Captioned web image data
- Opening Delimiter -
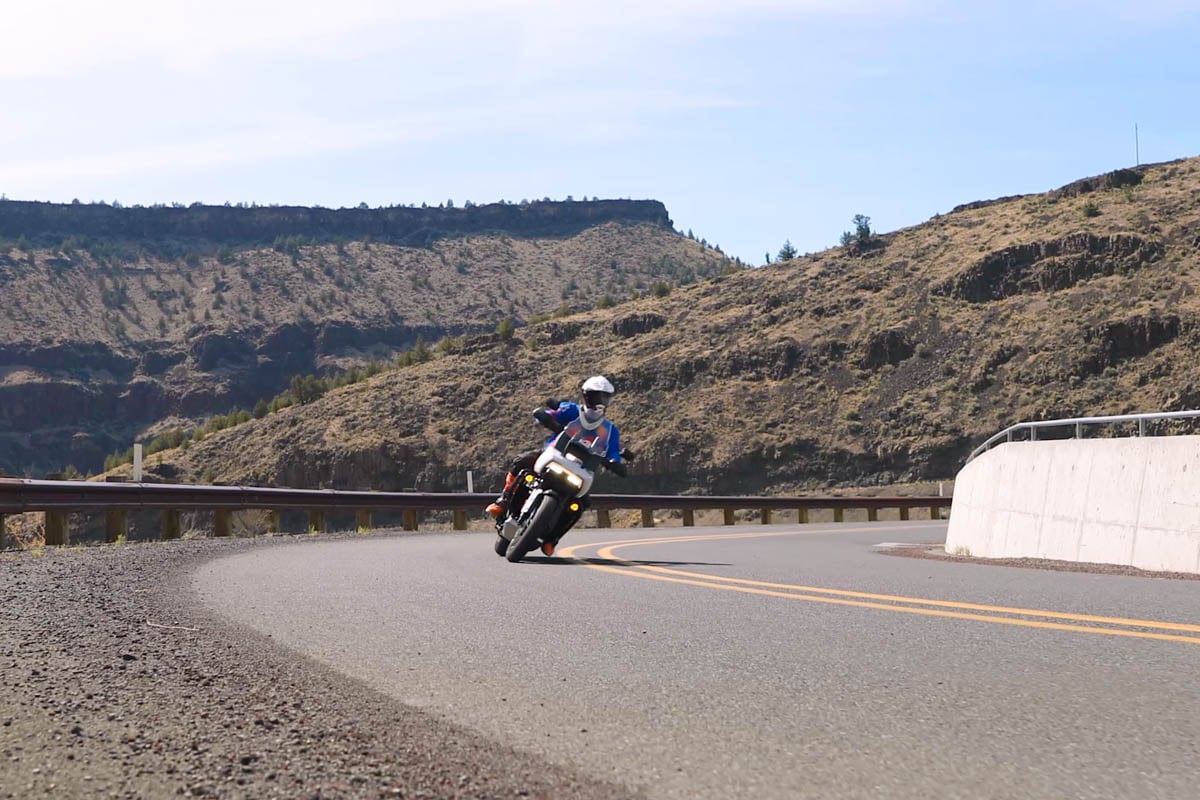 Eric leaning into a corner through a canyon in Eastern Oregon. 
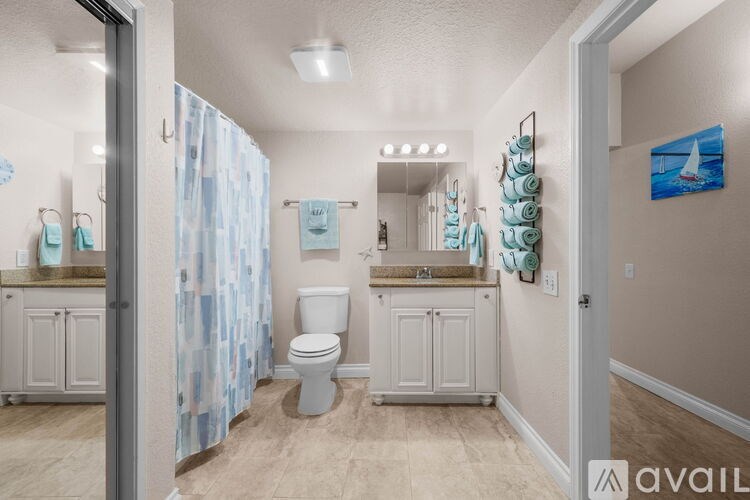 A bathroom with a toilet, sink, and shower.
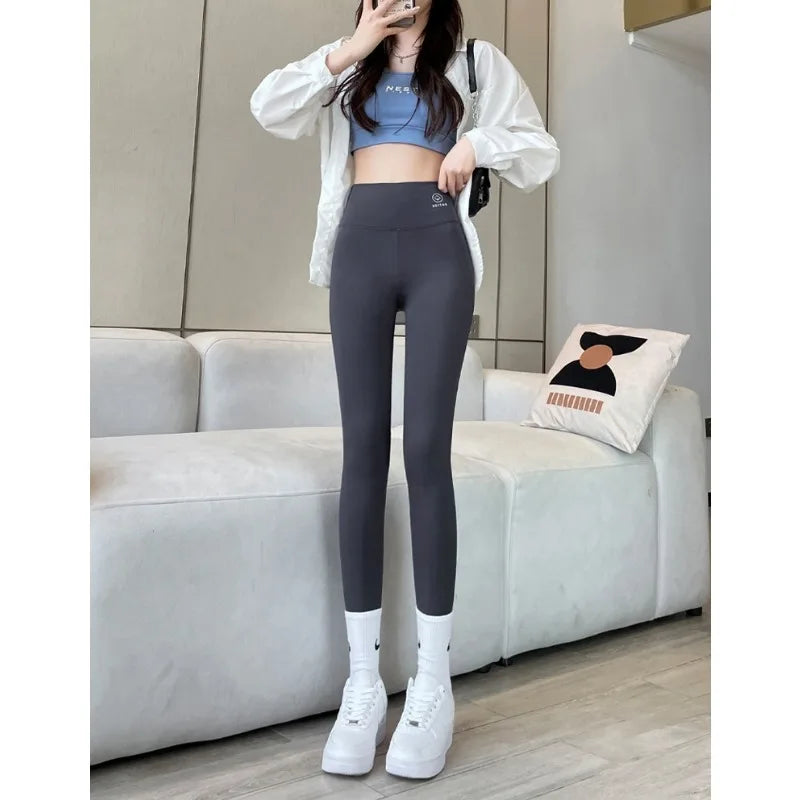 2024 Summer New Women's Solid Color Nine Points Raised Belly Buttock Shark Yoga Pants Show Tall And Thin All Matching Leggings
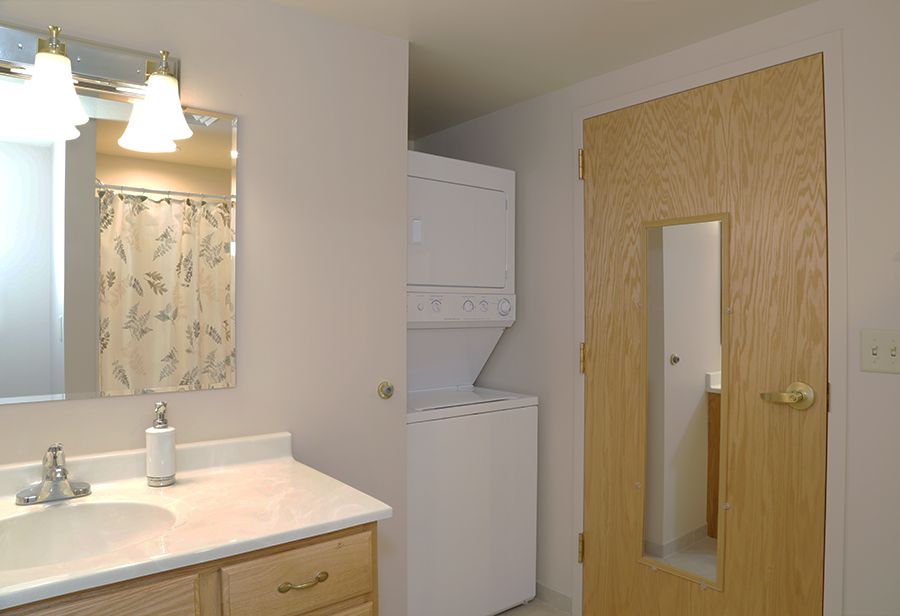 A bathroom with a mirror, sink, and a stacked washer and dryer unit.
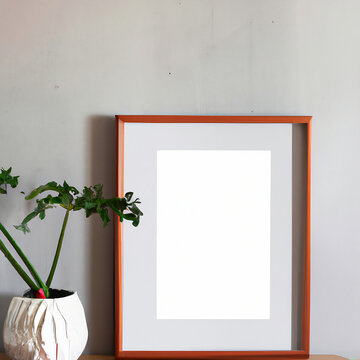 A mock up of an empty picture frame on a grey wall in a snow white living room with a modern design, depicting an art display as part of a home staging and minimalism concept.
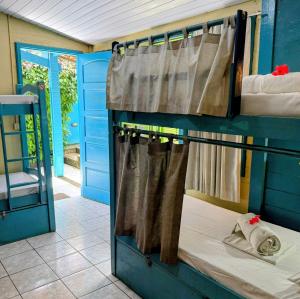 a room with two bunk beds and a door at Casa Swell Hostel in Fernando de Noronha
- Closing Delimiter -
PROBLEM STATEMENT => Print exactly the first line of the entries and every line after it through the one that contains "2024 Summer New", leaving the pictures out.

SOLUTION TO THIS TASK =>
 Eric leaning into a corner through a canyon in Eastern Oregon. 
 A bathroom with a toilet, sink, and shower.
 2024 Summer New Women's Solid Color Nine Points Raised Belly Buttock Shark Yoga Pants Show Tall And Thin All Matching Leggings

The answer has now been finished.